Working with Strings in R

In R, you create strings of type character using either single or double quotes. There is no difference (in R) between the two.

string1 <- "This is a string."
string2 <- 'This is a string.'
all.equal(string1, string2)

[1] TRUE

typeof(string1)

[1] "character"

This is not the case in all languages. For instance, as we discussed in SQL, single quotes always defines the begin and end of a string, where-as double quotes may not be defined for some variations of SQL.

In R, you can mix single and double quotes when you want to include one or the other within your string.

string_single <- "These are sometimes called 'scare quotes'."
print(string_single)

[1] "These are sometimes called 'scare quotes'."

string_double <- 'Quoth the Raven, "Nevermore."'
print(string_double)

[1] "Quoth the Raven, \"Nevermore.\""

cat(string_double, "\n")

Quoth the Raven, "Nevermore."

You can also include quotes within a string by escaping them:

string_double <- "Quoth the Raven, \"Nevermore.\""
print(string_double)

[1] "Quoth the Raven, \"Nevermore.\""

cat(string_double, "\n")

Quoth the Raven, "Nevermore."

Observe the difference between print() and cat() in terms of how the escaped characters are handled. Be aware also that because backslash plays this special role as an escape character, it itself needs to be escaped:

backslash = "This is a backslash '\\', this is not '\ '."
writeLines(backslash)

This is a backslash '\', this is not ' '.

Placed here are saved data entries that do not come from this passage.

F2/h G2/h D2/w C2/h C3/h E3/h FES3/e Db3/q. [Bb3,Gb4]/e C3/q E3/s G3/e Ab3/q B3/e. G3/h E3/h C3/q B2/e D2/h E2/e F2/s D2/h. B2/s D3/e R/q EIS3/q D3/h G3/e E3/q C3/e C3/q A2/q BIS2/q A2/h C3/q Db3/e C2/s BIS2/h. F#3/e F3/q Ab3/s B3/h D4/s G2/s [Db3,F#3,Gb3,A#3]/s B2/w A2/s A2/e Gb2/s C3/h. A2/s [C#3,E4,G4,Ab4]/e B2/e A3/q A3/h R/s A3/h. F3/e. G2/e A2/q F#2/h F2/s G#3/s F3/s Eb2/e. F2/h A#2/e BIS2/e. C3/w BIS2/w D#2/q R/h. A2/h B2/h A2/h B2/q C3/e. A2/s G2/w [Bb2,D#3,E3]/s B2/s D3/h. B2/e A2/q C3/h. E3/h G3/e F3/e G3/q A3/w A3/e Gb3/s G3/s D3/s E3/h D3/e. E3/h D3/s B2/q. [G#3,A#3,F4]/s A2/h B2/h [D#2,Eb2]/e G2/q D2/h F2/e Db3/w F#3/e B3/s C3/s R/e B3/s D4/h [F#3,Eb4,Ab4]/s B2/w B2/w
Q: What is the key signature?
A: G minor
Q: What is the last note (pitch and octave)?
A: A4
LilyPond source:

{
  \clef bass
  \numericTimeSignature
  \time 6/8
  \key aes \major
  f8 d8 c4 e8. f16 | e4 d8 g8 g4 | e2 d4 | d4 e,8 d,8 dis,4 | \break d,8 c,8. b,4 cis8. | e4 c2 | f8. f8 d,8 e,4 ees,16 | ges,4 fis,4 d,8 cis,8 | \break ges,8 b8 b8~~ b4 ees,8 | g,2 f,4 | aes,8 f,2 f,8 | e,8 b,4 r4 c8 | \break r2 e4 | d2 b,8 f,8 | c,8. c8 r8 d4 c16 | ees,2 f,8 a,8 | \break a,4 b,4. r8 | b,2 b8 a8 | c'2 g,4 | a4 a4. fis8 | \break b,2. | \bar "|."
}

To have a consistent coding style, you should choose one of " or ' to be the standard. I recommend ".

String operations

There are a number of functions in R that operate solely on strings. Here we will review some of them.

Concatenating strings

The function paste is used to join strings together.

Observe the difference between the sep and collapse arguments in paste.

length(LETTERS)

[1] 26

paste(LETTERS, collapse = "")

[1] "ABCDEFGHIJKLMNOPQRSTUVWXYZ"

paste(1:26, LETTERS, sep = "-")

 [1] "1-A"  "2-B"  "3-C"  "4-D"  "5-E"  "6-F"  "7-G"  "8-H"  "9-I"  "10-J"
[11] "11-K" "12-L" "13-M" "14-N" "15-O" "16-P" "17-Q" "18-R" "19-S" "20-T"
[21] "21-U" "22-V" "23-W" "24-X" "25-Y" "26-Z"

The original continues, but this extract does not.